コルツはすでに泣き止んでおり、ユマの膝の上に座って一良たちに話をしている。
コルツには一良が日本で仕入れてきた鎮痛剤を飲ませているのだが、額には汗が浮かんでいる。
やはり、術後の痛みはあるようだ。
「そっか、ウッドベルさんが火薬を……」
一良が険しい表情で唸る。
現場にはジルコニアが確認に行ったので、後ほど詳しく話を聞く必要がありそうだ。
シルベストリアや大勢の兵士たちととても親しくしていたというウッドベルが、まさか間者だったとは。
「うん……たぶん、お姉ちゃんが……オルマシオール様が俺に剣術を教えてくれたのは、この時のためだったんだ」
「コルツ君、ウッドベルさんはバルベールの間者だって言ってたけど、どうしてそう思ったの?」
一良の隣で話を聞いていたバレッタが、コルツに問いかける。
「ウッドさん、この丘のことを『骸の丘』って言ってたんだ。そんな呼びかた、この国の人だったら絶対にしないから、そうなんじゃないかって」
「そう……ウッドベルさん本人の口からは、バルベールの人間だって話は聞いてないのね?」
「そうだけど……」
コルツは信用されていないと感じたのか、少し不満そうな顔になる。
バレッタとしては、ウッドベルがアルカディア国内の手の者か、バルベールの手の者なのか確証が持てていなかった。
「あっ。でも、ナルソン様は警備が厳重で近寄れないとか、火薬を盗むのは副任務とか言ってた」
「……それなら、バルベールの間者って線が濃厚だね」
バレッタが納得した様子で頷く。
ナルソンに近寄ろうとしたのは、おそらく暗殺が目的だろう。
となると、この決戦の最中に全軍の指揮を執っているナルソンを暗殺しようなどと、アルカディア王家や他領の者は考えないはずだ。

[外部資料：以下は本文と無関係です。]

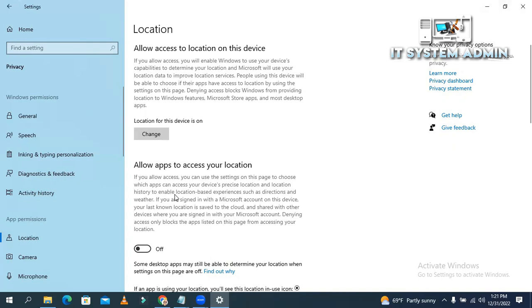If you want to allow apps to access your location, just turn it on, that's all.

それに、国内の主だった者たちは「地獄の動画」を観ている。
地獄行き確定となってまで、そのようなことはしないだろう。
「あの、コルツ君。腕のことは、本当に――」
「腕なんて、どうでもいいよ」
おずおずと言う一良に、コルツがうつむいて言う。
「そ、そんな。どうでもいいなんて……」
「俺が、カズラ様のことをアイザックさんにばらしちゃったんだ。カズラ様、ごめんなさい……」
「コルツ君……そこまで悩んで……」
片腕を無くしたことを「どうでもいい」など言うとは、と皆が沈痛な顔になる。
それほどまでに、コルツは一良のことをアイザックに話した件を思い悩んでいたのだろう。
「コルツ君、そのことはいいんだよ。コルツ君が悪いわけじゃない。アイザックさんも自分の職務を全うしただけなんだ。恨まないでやってくれないかな」
「でも、アイザックさん、俺に嘘をついたんだ」
コルツが一良を少し見上げる。
「俺、カズラ様に本当のことを言わなきゃいけなかったのに……怖くて、ずっと本当のこと、言えなかった……」
一良はそれを聞いて、以前、村でアイザックたちに連れられてイステリアへ行くことになった時のことを思い出した。
あの時、コルツが何か言おうとしたのを、アイザックが不自然に遮った。
きっと、アイザックはコルツがあの場で自らの行いを話すことで、他の村人たちから責められることを防いだのだろう。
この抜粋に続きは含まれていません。